1,000,001 digits of pi on a bare metal microcontroller

The wide-decimal float back end is used to compute $1,000,001$ decimal digits of the mathematical constant $\pi$ on selected bare-metal OS-less microcontroller systems in pi-crunch-metal

Further details

Mixing wide-decimal with wide-integer

Wide-decimal can be used simultaneously with wide-integer. Although this was not primarily foreseen in the designs of these libraries, harmonized mixing can be done in the same project, and even in the same file. This can, however, lead to a conflicting multiple definition of the container class util::dynamic_array<>, as has been shown in issue 166.

In order to use the uintwide_t.h header together with the decwide_t.h header in the same translation unit, use the definition shown below.

#define WIDE_INTEGER_DISABLE_IMPLEMENT_UTIL_DYNAMIC_ARRAY

Ensure that this definition appears above the line that #includes the uintwide_t.h header. Do this for all files including both big-number headers. Alternatively, this preprocessor switch can be defined on the command line of the compiler call(s) for the project.

The rational for this is as follows. The helper-container template class util::dynamic_array<> is used in both the decwide_t_detail.h header (secondarily included in decwide_t.h) as well as the uintwide_t.h header. Defining WIDE_INTEGER_DISABLE_IMPLEMENT_UTIL_DYNAMIC_ARRAY upstream of the inclusion of the uintwide_t.h header disables that file's definition of util::dynamic_array<>, and ensures that only one definition is visivble in the file containing both big-number headers.
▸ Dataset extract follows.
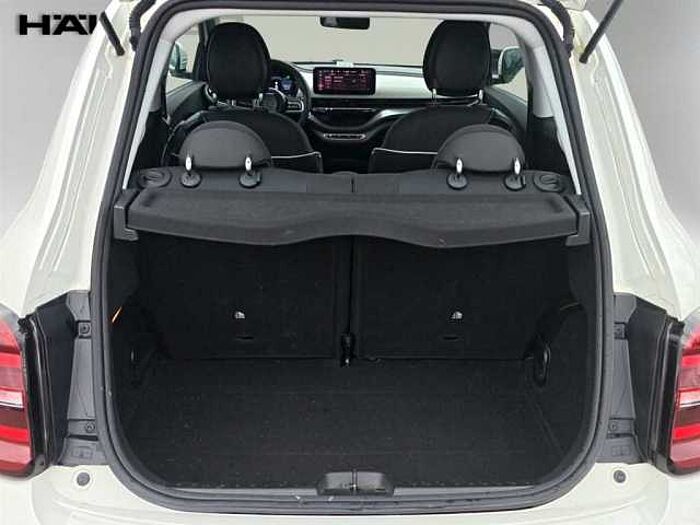 Fiat 500e mit RFK*Sitzheizung*Klimaautomatik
A use-case that uses both wide-decimal as well as wide-integer simultaneously has been implemented in a test file. This file is called test_mixed_wide_decimal_wide_integer_b2n.cpp. It is included in the test folder and also included in continuous integration. This test file involves computations and comparisons of Bernoulli numbers.

(TBD) C++20 `constexpr` support

(TBD) See also issue 291. When using C++20 decwide_t supports compile-time constexpr construction and evaluation of results of binary arithmetic, comparison operators and various elementary functions.

Alternatives and limitations

Alternative libraries for big float types include, among others, most notably GMP and Boost.Multiprecision.

At the moment, wide-decimal has a rather large number of so-called guard digits. In addition, wide-decimal does not make use of rounding when performing multiplication or other common algebraic operations. The combined result is that exact calculations such as those potentially needed in some areas requiring pure, exact decimal calculations may not work well with this library. In this sense, wide-decimal suffers from the same rounding limitations as the cpp_dec_float class known from Boost.Multiprecision.

References

A original publications on valgrind and its relation to memory errors can be found in [1] and [2].

[1] Nicholas Nethercote and Julian Seward, Valgrind: A Framework for Heavyweight Dynamic Binary Instrumentation, Proceedings of ACM SIGPLAN 2007 Conference on Programming Language Design and Implementation (PLDI 2007), San Diego, California, USA, June 2007.

[2] Nicholas Nethercote and Julian Seward, How to Shadow Every Byte of Memory Used by a Program. Proceedings of the Third International ACM SIGPLAN/SIGOPS Conference on Virtual Execution Environments (VEE 2007), San Diego, California, USA, June 2007.